Andrew Saraf, a 17 year-old student at Bethesda-Chevy Chase High School, is wondering why Colman McCarthy's political agenda is being taught at his school. From the Washington Post:
"I know I'm not the first to bring this up but why has there been no concerted effort to remove Peace Studies from among the B-CC courses?" he wrote in his post to the school's group e-mail list. "The 'class' is headed by an individual with a political agenda, who wants to teach students the 'right' way of thinking by giving them facts that are skewed in one direction."
Colman McCarthy is a former Washington Post reporter whose course, heavy on animal rights and anti-military demagoguery, is taught at eight Montgomery County high schools.

Saraf and another 17 year-old, Avishek Panth, took the initiative to investigate McCarthy's class and his background:
Saraf and Avishek Panth, also 17, acknowledge that with the exception of one lecture they sat in on this month, most of what they know about the course has come from friends and acquaintances who have taken the class.
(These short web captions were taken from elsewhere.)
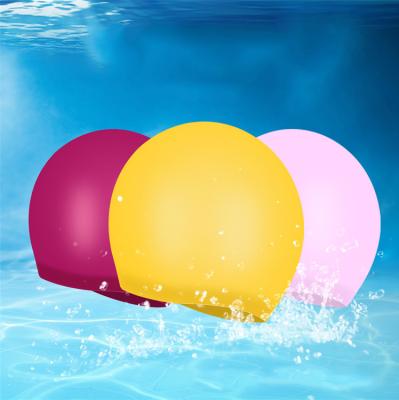 China Convenient Swimming Caps For Children And Adult Of Custom Printing Logo for sale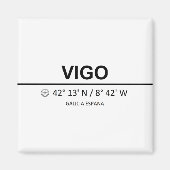 Coördinaten Vigo Magneet (Voorkant)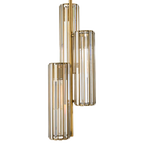 Aurora Crystal Pendant - 3 Globe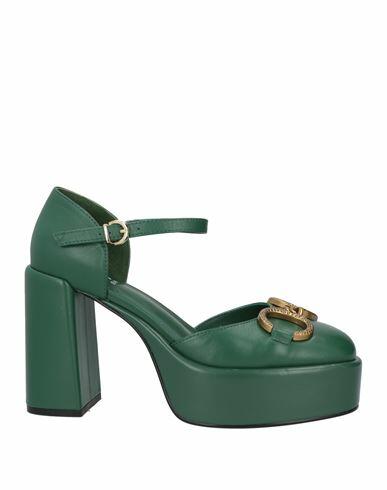 Jeannot Woman Pumps Emerald green Soft Leather Cover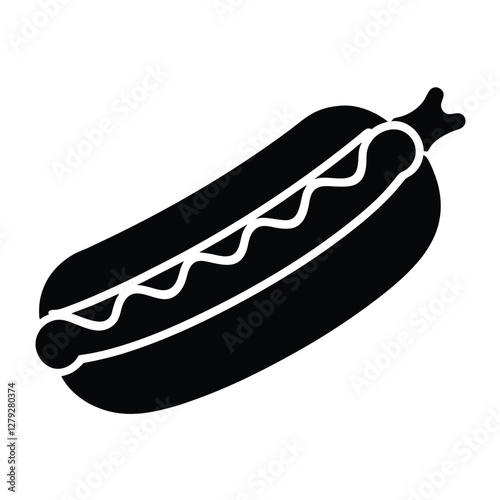 hot dog vector illustration isolated on a white background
But, they said, those discussions, coupled with research they have done on McCarthy's background, have convinced them that their school should not continue to offer Peace Studies unless significant changes are made. This is not an ideological debate, they said. Rather, what bothers them the most is that McCarthy offers students only one perspective.
And you thought the indoctrination didn't begin until college.

Via Michelle Malkin.

Update: Student responds to WaPo article
Alex Bannon, who says he is a student in one of McCarthy's classes (while I can't confirm this, the comment was posted from a computer at Montgomery County (MD) Public Schools), left this comment:
Andrew Saraf did not make any serious attempt at trying to understand the course before dismissing it. While I do believe that he did in fact hear about the course from friends, I would say that hearsay should not be the source behind a washington Post article. The class is fine and I can assure you that, my class at least, is not one sided. Several of the students have argued against McCarthy's views, including myself. However, there are several topics that he brings up and I agree with. 18 year olds who take the class have some control over what they agree with. As any parent would know, we are more likely to dismiss an opinion from a parent-like figure just because they feel like it. I really wish that this debate hadn't gotten so much coverage, because it is Saraf's attempt at destroying something he knows very little about.

A class for seniors that is being hated by two juniors is not a correct description of the events at BCC. Many students enjoy the class deeply, and all actions that are taken in the class are decided by those in it. No one is forced to do anything they do not feel like doing. It is the choice of anyone to go to the library, talk up, or do homework. It is McCarthy's attempt at trying to liven up discussion about topics. The class IS a two sided discussion. While McCarthy has his views, we the students can easily dismiss or support them. I would say on the topic of Animal Rights thus far, about 50% of the students disagreed with what he had to say passionately. And it is this 50% that are currently defending the course against these two juniors who have very little information about the course on their side.

So let them have a Washington Post article, and let them be heard on WTOP, but I hope that sooner or later someone realizes that his opinions are seriously void of fact.